Carmen quickly flipped on the water again, her mind racing for normalcy. "No F-bombs por favor.  She repeats everything she hears." She glanced down the hallway to make sure Mona hadn't snuck out of her room to check on Daddy, and saw no sign of her.

"Some people don't deserve things like... like dinner with your family.  A cold beer.  They don't deserve their own children." His eyes met hers with a fierce and primal love.  She understood the fear now.  It was fear of losing them.

Carmen turned off the sink and dried her hands slowly as she came back to the table.  Her husband's eyes were cast down again when she sat across from him, and his tears had created a puddle on the placemat.  As his shoulders heaved with the heavy breath, she took his beer, downed a lukewarm swig, and wiped the condensation from the bottle with her towel.  She reached a hand out in his line of sight.  Eddie wiped his face quickly and placed his hand palm-up in hers.

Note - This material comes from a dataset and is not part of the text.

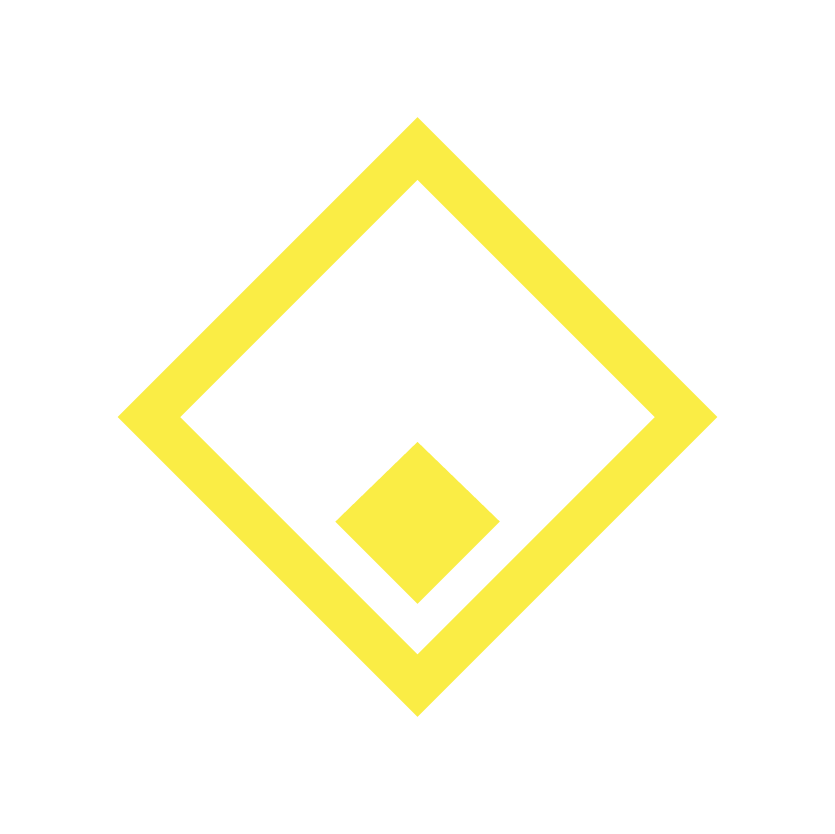 Logo Dark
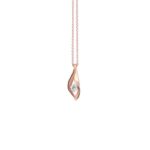 Dune Assolo pendant GPE1546P ANNAMARIA CAMMILLI 5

Carmen began to massage his palm as she spoke. "You scared Mona.  She has no idea the kind of things you saw today.  And neither do I."

"And you never should know what that's like."

"Listen to me, Eddie.  There will always be bad people.  Evil, like you said.  There will be more ugly things, even uglier than tonight, that you're going to see.   But do you see that door right there?" She gestured to the kitchen door that led to the garage, where his car was parked now amongst a flurry of Ramona's abandoned toddler toys. "That evil stays outside of this house.  It doesn't get to come through the door.  So I don't care what it takes, but don't you ever scare her that way again.  Don't you ever let evil in this house again.  This is a safe place.  For all of us."